In early February 2023, iran put its new underground airbase Eagle 44 to service, which is used to hide F-4D/E Phantom II jets. A few days later, The New York Times added a detail: during the construction of the airbase, satellites spotted an object similar to russian Su-35, maybe it was just a mock-up of this fighter.
Even if it was just a dummy, it still indicates that iran was building its Eagle 44 the way so it can potentially host russian Su-35. And it remains an open question just how long it took for iranians to rework this airbase for russian jets, as the construction of the Eagle 44 overall began back in 2013.
How exactly iran is going to pay for the russian jets is another important aspect to consider. First of all, we should rewind that iran most likely will receive Su-35SE from the contract with Egypt, the 24 planes the customer did not take because of being wary of US sanctions. The contract value of these jets was USD 2 billion, and reevaluating them now is pointless because of the specifics of how the russians set a price for their military products.

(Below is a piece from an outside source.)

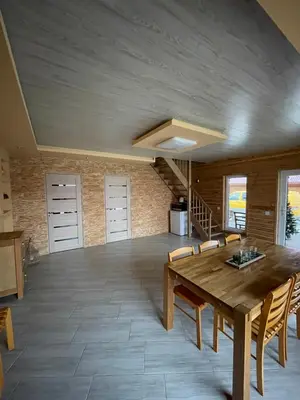 a dining room with a wooden table and chairs at Sodyba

Defence24 suggested last October that the russian Su-35s would cost about $1.5 billion and the supply may be paid by barter, for instance, by providing 2,400 drones of Shahed-131 and Shahed-136 types. Though it seems that several forms of barter will be applied at once. For example, in addition to the kamikaze drones, the iranians might give ammunition that the russian army desperately needs to keep fighting in Ukraine.
As for the prospects of iran providing ballistic missiles to russia in exchange for Su-35, it's difficult to assess at this point. Western media were saying that the Kremlin has put this scenario on hold, since it is afraid of the United States providing ATACMS to Ukraine as an answer.
Correction: the article had a critical typo in the headline, the Su-35 (Flanker-E) was confused with an F-35. Fortunately, there is no information about iran having an opportunity to get the American F-35 aircraft. The author apologizes for the inconvenience.